AI Summary • Published on Nov 27, 2025
The rapid evolution of generative AI models makes it increasingly difficult to distinguish between authentic and AI-generated images, posing significant threats to social trust and information integrity. Current explainable image forensic methods predominantly rely on post-hoc rationalizations or high-level visual anomaly detection, lacking a verifiable chain of evidence. This dependency on surface-level pattern matching limits causally grounded explanations and often results in poor generalization, highlighting a critical need for methods that provide structured, verifiable forensic analysis.
The authors introduce REVEAL-Bench, a new reasoning-enhanced multimodal benchmark for AI-generated image detection. This dataset is structured around a chain-of-evidence (CoE) derived from multiple lightweight expert models, recording step-by-step reasoning traces and evidential justifications. Building on this, they propose REVEAL (Reasoning-enhanced Forensic Evidence Analysis), a two-stage forensic framework. The first stage involves supervised fine-tuning (SFT) to teach the multimodal large language model (MLLM) the canonical CoE structure. The second stage uses R-GRPO (Reasoning-enhanced Group Relative Policy Optimization), an expert-grounded reinforcement learning algorithm with a novel composite reward mechanism. This reward jointly optimizes detection accuracy, explanation fidelity, and logical coherence by considering answer accuracy (`r_sem`), reasoning quality and structural integrity (`r_think`), and alignment with multi-view visual evidence (`r_view`). This approach forces the MLLM to perform logical synthesis over explicit forensic evidence rather than simple visual pattern matching.

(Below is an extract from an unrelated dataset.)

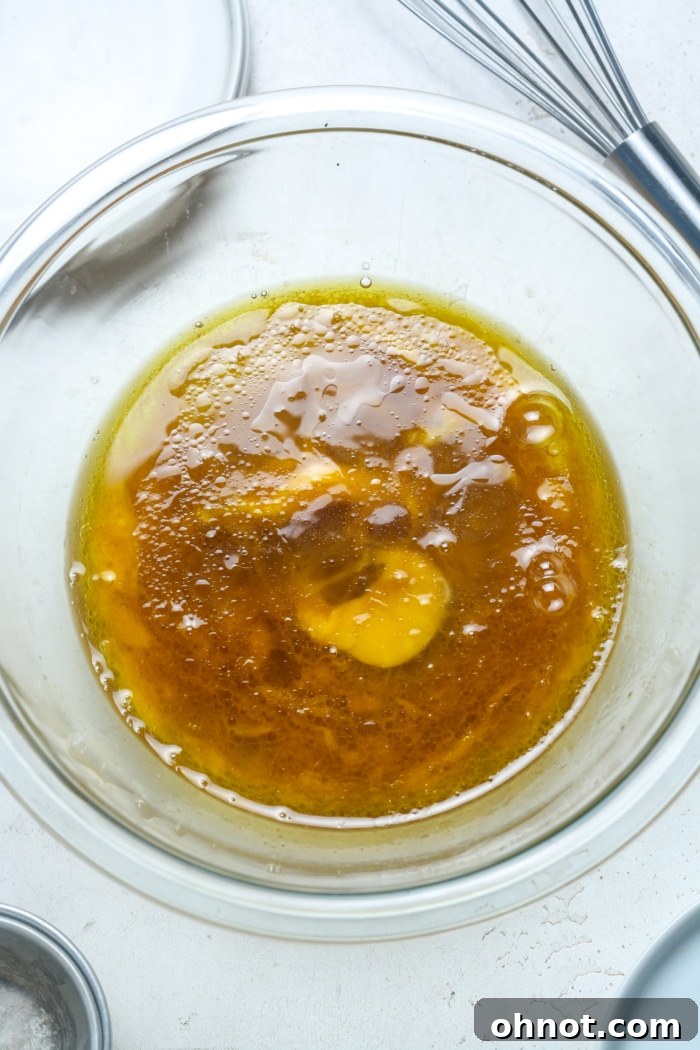 A mixing bowl with golden liquid ingredients: oil, maple syrup, and eggs, ready to be combined with dry ingredients.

Extensive experiments demonstrate that REVEAL significantly enhances detection accuracy, explanation fidelity, and robust cross-model generalization, setting a new state of the art for explainable image forensics. On the in-domain REVEAL-Bench dataset, REVEAL shows comparable performance to compact binary classifiers, but it excels in cross-domain generalization on the GenImage dataset, maintaining higher accuracy and stability. The study also shows that increasing MLLM size leads to improved detection capabilities, suggesting a scaling law for synthetic image detection. Ablation studies confirm the critical role of reasoning datasets and the R-GRPO method in improving performance. Furthermore, REVEAL demonstrates superior robustness against common post-processing distortions like Gaussian blur and JPEG compression compared to baseline methods.
REVEAL provides a significant advancement in explainable AI-generated image detection by moving beyond surface-level pattern matching to a system grounded in verifiable forensic evidence and logical reasoning. The introduction of REVEAL-Bench, the first dataset with expert-grounded chain-of-evidence annotations, facilitates the development of more transparent and generalizable forensic detectors. The REVEAL framework, with its innovative R-GRPO, offers a robust and adaptable solution for multimodal models, promising more reliable and interpretable AI-generated content detection. This work paves the way for future research in reasoning-based image forensics, addressing critical concerns about misinformation and information integrity in the era of advanced generative AI.